> ASSIGNED TASK:
Please print the listing that follows word for word, but skip any pictures it holds.

"""

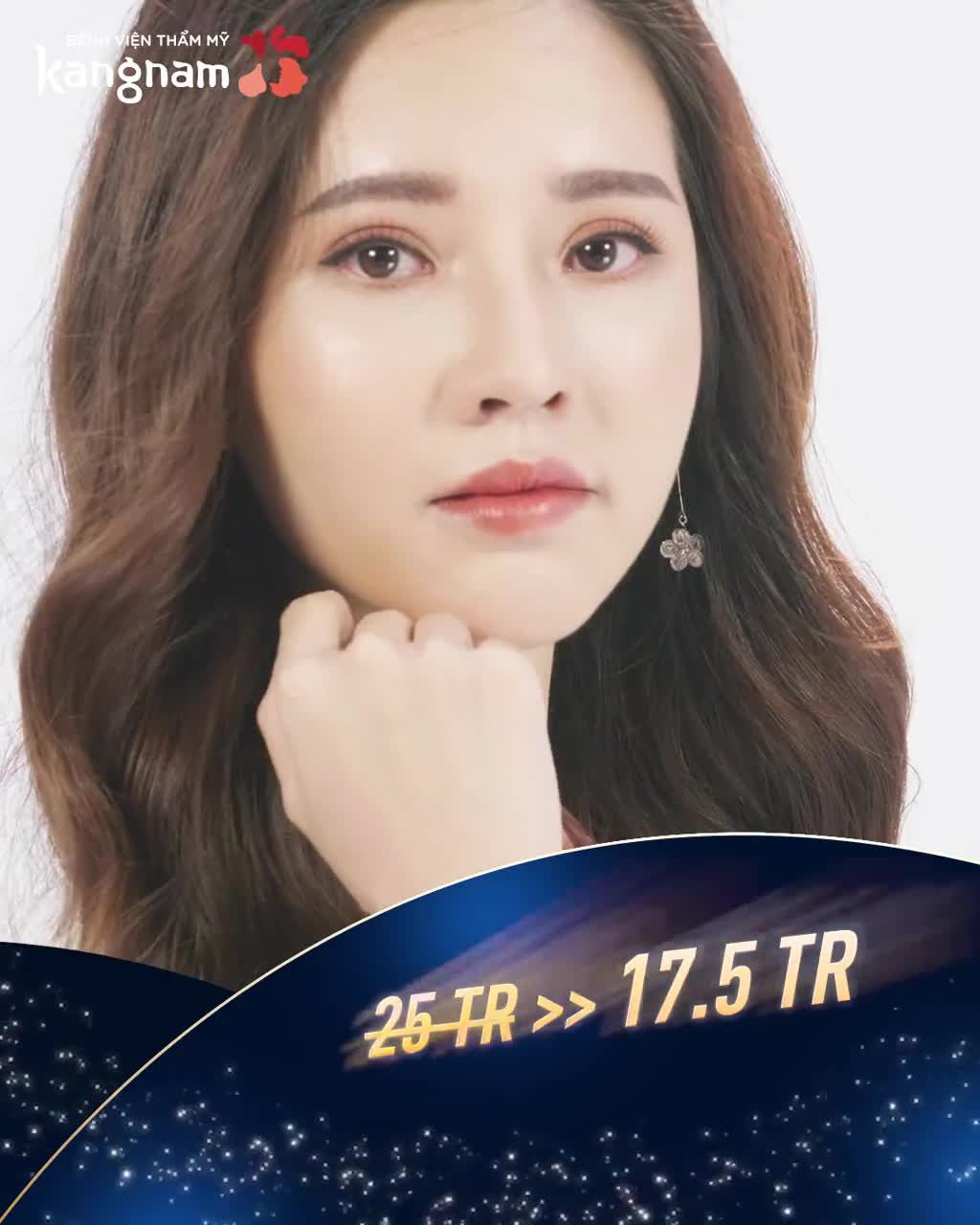 Chỉnh hình hàm mặt GIÁ QUÁ HỜI - Mua ngay voucher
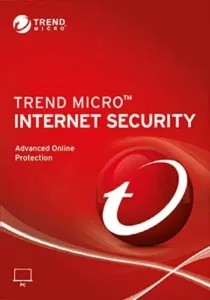 Trend Micro Internet Security 1 Device 1 Year Key GLOBAL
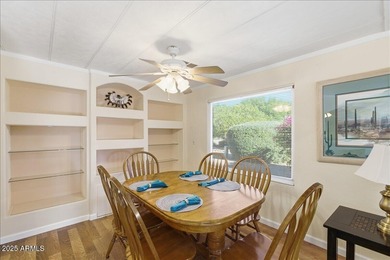 Enjoy golf course living at its finest in this beautifully on Fountain of the Sun Country Club in Arizona - for sale on GolfHomes.com, golf home, golf lot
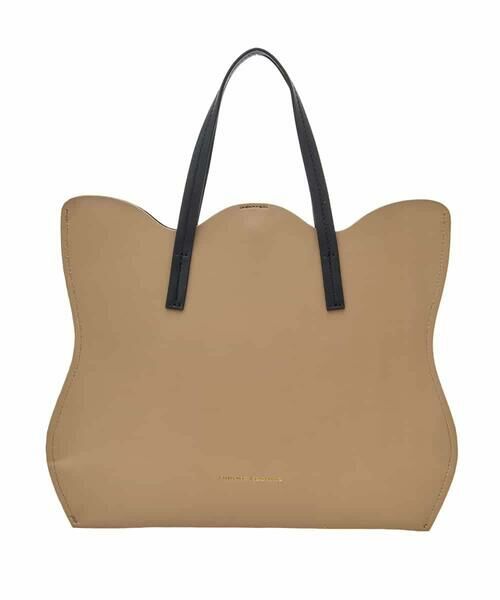 HIROKO KOSHINO / ヒロココシノ トートバッグ | ウェーブメタルスタッズトート | 詳細3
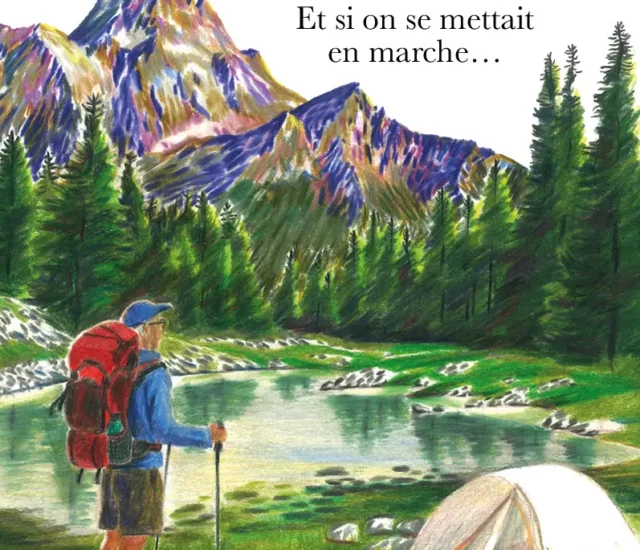 Entretien avec Laurent Nourdin auteur de ChamoNice – Et si on se mettait en marche…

"""

> TASK ANSWER:
 Chỉnh hình hàm mặt GIÁ QUÁ HỜI - Mua ngay voucher
 Trend Micro Internet Security 1 Device 1 Year Key GLOBAL
 Enjoy golf course living at its finest in this beautifully on Fountain of the Sun Country Club in Arizona - for sale on GolfHomes.com, golf home, golf lot
 HIROKO KOSHINO / ヒロココシノ トートバッグ | ウェーブメタルスタッズトート | 詳細3
 Entretien avec Laurent Nourdin auteur de ChamoNice – Et si on se mettait en marche…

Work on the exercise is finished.